Always been a huge fan of the Clubsports... I actually like the wheels and spoiler too!


----------



## jay_bmw

Thanks mate


----------



## The Cueball

I quite like the wheels too... what's wrong with them?!?

the other ones that you did have on the red car... are they the versions that were on the 7 series?!?

:thumb:


----------



## L4CKL

i wanted your red one and now want your blue one!!


----------



## jay_bmw

The Cueball said:


> I quite like the wheels too... what's wrong with them?!?
> 
> the other ones that you did have on the red car... are they the versions that were on the 7 series?!?
> 
> :thumb:


Thanks - i just find them a PITA to clean as the polished lips keep going corroded & just not keen on the style, grown on me now its lower though 

Aye, they were ones off a 7 series hence the stretched tyres etc

L4CKL - Cheers mate, u remember 3i_gaz?

More pics now its been wound down another 5 threads


----------



## jay_bmw

Photoshop of next couple of hopeful mods


----------



## SteveTDCi

I'd say keep the clubsports, thats what makes it a clubsport, without them and the spoiler its what makes it a CLubsport, without them it might as well be any other E46.


----------



## jay_bmw

Steve, i don't care much for the clubsport originality, its just an e46 to me , i've had 8 of them now & i didn't particuarly want a cubsport - it just came up @ a decent price & i like the colour - i'm not a fan of the OEM wheels at all really.


----------



## SteveTDCi

jay_bmw said:


> Steve, i don't care much for the clubsport originality, its just an e46 to me , i've had 8 of them now & i didn't particuarly want a cubsport - it just came up @ a decent price & i like the colour - i'm not a fan of the OEM wheels at all really.
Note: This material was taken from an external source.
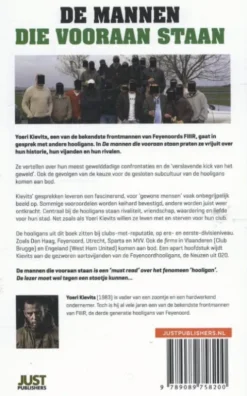 De mannen die vooraan staan (midprice)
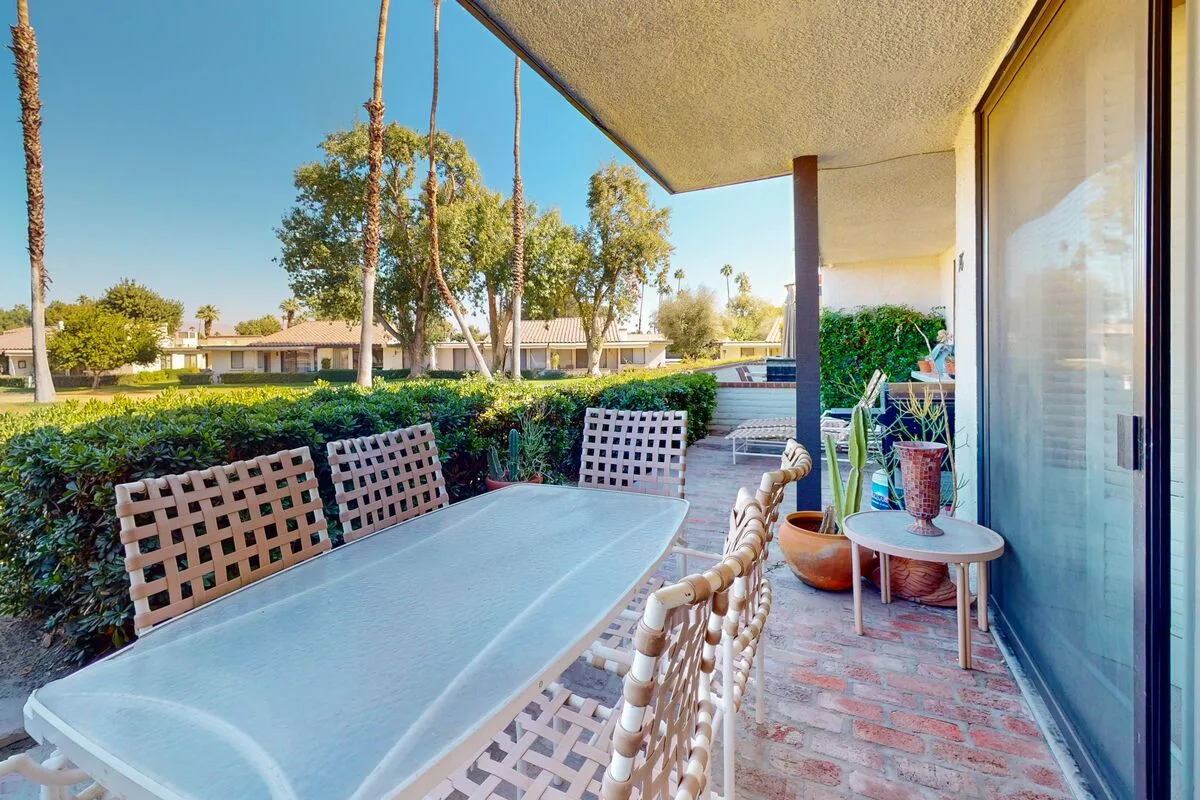 Rancho Mirage Condo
In that case, CSL replicas  for me, although the ones on the red one do look good


----------



## jay_bmw

Cheeers - i just hope i can get some for decent money - thats my old imola red one although i'm reluctant to fit stretched tyres again as some plod take offence to it...


----------



## rockape

defo the csl's jay, photo shop :thumb:


----------



## jay_bmw

Cheers mate - i was well impressed with the photoshop - my mate did it who does them for Audi magazine etc. Looks real dont it!


----------



## rockape

it certainly does mate.


----------



## jay_bmw

Cheers pal


----------



## jay_bmw

Wheels fitted, back tyres are too fat, gonna get some 235/35's for back tomorrow
Like i say - was expecting for them to be staggered, but i think with some rear spacers & some slimmer tyres they should look okay
What you think guys? Any comments or critiscism welcome


----------



## andy665

Lovely and would have been better still with some rear dish


----------



## jay_bmw

Cheers andy. Didnt pay rear dish money though


----------



## rockape

that is looking very nice mate :thumb:
what size are the wheels ?


----------



## Guest

good work,god i want a clubsport!lol


----------



## andy665

jay_bmw said:


> Cheers andy. Didnt pay rear dish money though


Couldn't have non staggered wheels now , just picked up a set of 18"s with a 3" rear dish, definitely reserved for special occasions


----------



## jay_bmw

I drove 300 miles expecting them to be staggered as they have 265 section rears, however they weren't - just staggered tyres.

I love the design of CSL's so i'm not too fussed that theyre not staggered.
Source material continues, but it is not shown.